Dallas Mavericks owner Mark Cuban looks on during

Dallas Mavericks owner Mark Cuban looks on during the first quarter of an NBA basketball game against the New Jersey Nets. (Jan. 22, 2011) (Credit: AP)

Billionaire Mark Cuban said Wednesday that he might have some interest in buying the Mets, but he won't be the one to make the first move.

"For any baseball team, I'm not going to be the one to chase after it," the Dallas Mavericks' owner said before his team's game against the Knicks at Madison Square Garden. "If someone sees me as a potential owner, I will take their call and discuss the deal."

Cuban tried unsuccessfully to buy both the Texas Rangers and the Chicago Cubs, and he said that the process left a bad taste in his mouth.

"I'm not going to get in a bidding situation ever again," he said. "I'm not going to be in a situation where I make the proposal. I feel like I'd be a good team owner in baseball, but I'm not going to go through the same process I did with the Rangers and the Cubs."

In July of 2008, Cuban submitted a bid of $1.3 billion to buy the Cubs. Though he was invited to participate in a second round of bidding, he was not picked to participate in the final bidding process in January of 2009. Then, in August of 2010, an investment group led by Hall of Fame pitcher Nolan Ryan beat out a $600-million offer from Cuban in a contentious auction.

Cuban said that his interest in the team would depend on how big of a stake he could purchase.

"From my perspective, it would be very unlikely that I would choose to participate if they came to me with a minority stake unless there was a right to buy in the event of that opportunity."

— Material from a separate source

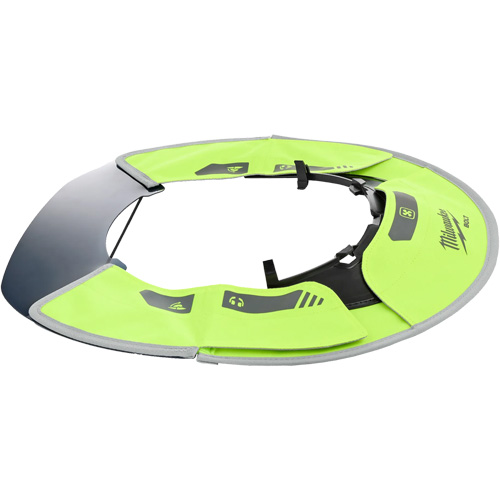 BOLT Sun Visor Action Paper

Cuban said he doesn't know much about the particulars of the Mets' economic situation, but the team holds some appeal. The Wilpons announced last Friday that they are willing to sell 20 to 25 percent of the team to offset "uncertainty" created by the lawsuit brought forth by Irving Picard, the special trustee in the Bernard Madoff case.

There has been some conjecture that MLB owners might not be all that keen to welcome the outspoken Cuban into their club. Cuban said he did not think owning a baseball team was that different from owning a basketball team, adding that it was all entertainment.

"I'm not going to chase it," he said.

In basketball news, Cuban sees the resurgence of the Knicks as something that is "good for the NBA."

"When I walk down the street, people don't scream at me 'buy the Knicks' anymore," he said. " . . . There are a lot of advertisers and sponsors in New York. If their first impression through their kids or whatever of the NBA is the Knicks stink, that doesn't help us. But if they say they're great, well that helps us and it's easier to sell the product."

Cuban owns an apartment in New York, and he clearly likes seeing the buzz of a winning team. He admitted that being a part of that buzz in New York makes the Mets appealing.

Said Cuban: "It's a great franchise in a great city. It's a great opportunity, but I'm not going to call their investment banker."